Improving Software Security with Precise Static and Runtime Analysis


The landscape of security vulnerabilities has changed dramatically in the last several years. While buffer overruns and format string violations accounted for a large fraction of all exploited vulnerabilities in the 1990s, the picture started to change in the first decade of the new millennium. As Web-based applications became more prominent, familiar buffer overruns are now far outnumbered by Web application vulnerabilities such as SQL injections and cross-site scripting attacks. These vulnerabilities have been responsible for a multitude of attacks against large e-commerce sites, financial institutions and other sites, leading to millions of dollars in damages.

In this thesis, we describe the Griffin project, which provides a comprehensive static and runtime compiler-based solution to a wide range of Web application vulnerabilities. Our approach targets large real-life Web-based Java applications. Given a vulnerability description a static code checker is generated. The checker statically analyzes the code and produces vulnerability warnings. Alternatively, a specially instrumented, secured version of the original application bytecode is produced, which can be deployed on a standard application server alongside other applications.

To make our approach to vulnerability detection and prevention both extensible and user-friendly, vulnerability specifications are expressed in PQL, a Program Query Language. The initial PQL vulnerability specification is provided by the user, but the majority of the specification can be shared among multiple applications being analyzed. This is because most of the PQL specification is specific to the framework being used, such as Java J2EE, rather than the application.

The static checker generated based on the PQL specification finds vulnerabilities by analyzing the Web-based applications. The static approach is sound, which ensures that it finds all vulnerabilities captured by the specification in the statically analyzed code. We evaluate analysis features such as context-, object- and map sensitivity that help keep the number of false positives low.

Modern Java applications make an extensive use of runtime reflection; this is especially common in extensible applications that support plugins and extensions. Being oblivious to reflection in the process of call graph construction leads to large portions of the application being ignored. This thesis describes the first call graph construction algorithm to explicitly address the issue of reflection. When reflection is taken into account by our approach, the size of the resulting application call graph often increases many-fold.

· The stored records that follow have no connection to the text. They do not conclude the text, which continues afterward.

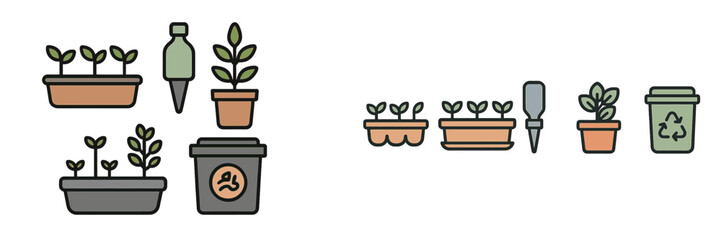 Detailed collection of gardening and recycling icons featuring potted plants, a watering can, and various eco-friendly elements for environmental care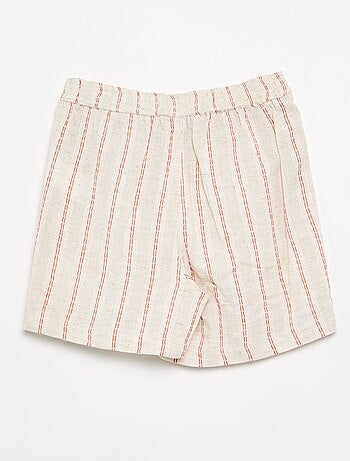 Short a righe in misto lino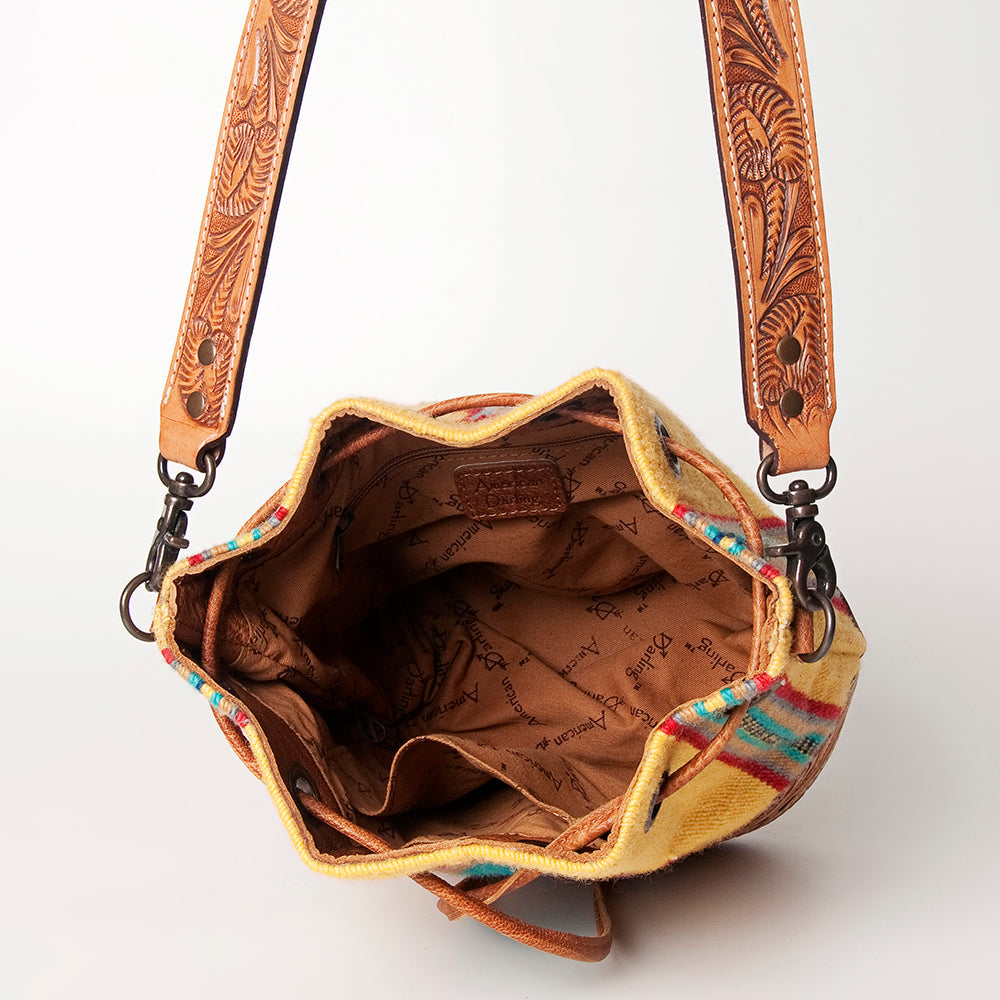 American Darling ADBG569A Bucket Hand Tooled Saddle Blanket Genuine Leather Women Bag Western Handbag Purse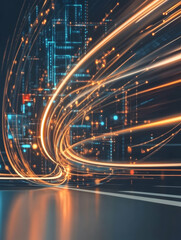 Cityscape night light trails, fast speed motion blur, digital data background, technology concept, website banner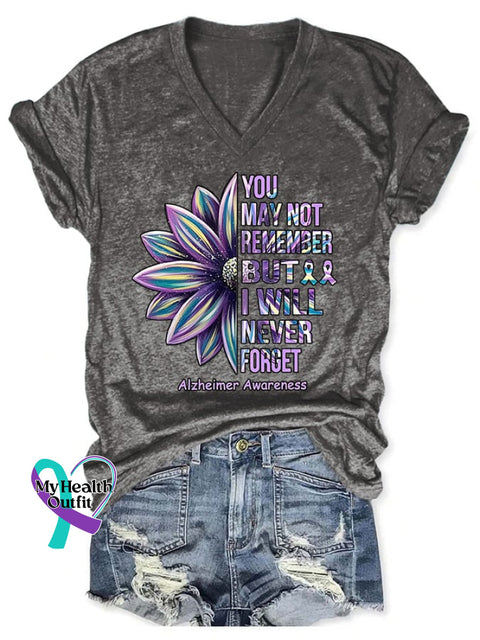 V-Neck Retro Alzheimer’s Awareness You May Not Remember But I Will Never Forget T-Shirt Dark Grey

Conservative static analysis provides an over-approximation of runtime behavior. As such, it is impossible to have a conservative static solution that is completely free of false positives, despite our efforts to improve static analysis precision. Therefore, as an alternative to static analysis, secured application executables can be automatically generated based on the same PQL vulnerability specification. As an alternative to terminating the Web application whenever an exploit is detected, vulnerability recovery rules may be provided as part of the PQL specification. Recovery allows injecting security into existing applications without sacrificing application availability. Finally, we show how static analysis can be used to significantly reduce the instrumentation overhead required for runtime protection.

Our experimental results show that Griffin provides effective and practical tools for finding and preventing security vulnerabilities. We were able to find a total of 98 security errors, and all but one of our 11 large real-life benchmark applications were vulnerable. Two vulnerabilities were located in commonly used libraries, thus subjecting applications using the libraries to potential vulnerabilities. Most of the security errors we reported were confirmed as exploitable vulnerabilities by their maintainers, resulting in more than a dozen code fixes. The static analysis reported false positives for only one of 11 applications we have analyzed. While the runtime overhead can be quite high for our runtime protection, information we compute statically allows us to reduce the number of necessary instrumentation points dramatically, reducing the dynamic overhead to below 10% in the majority of cases. Finally, our runtime system was able to recover from all exploits we performed against it in practice.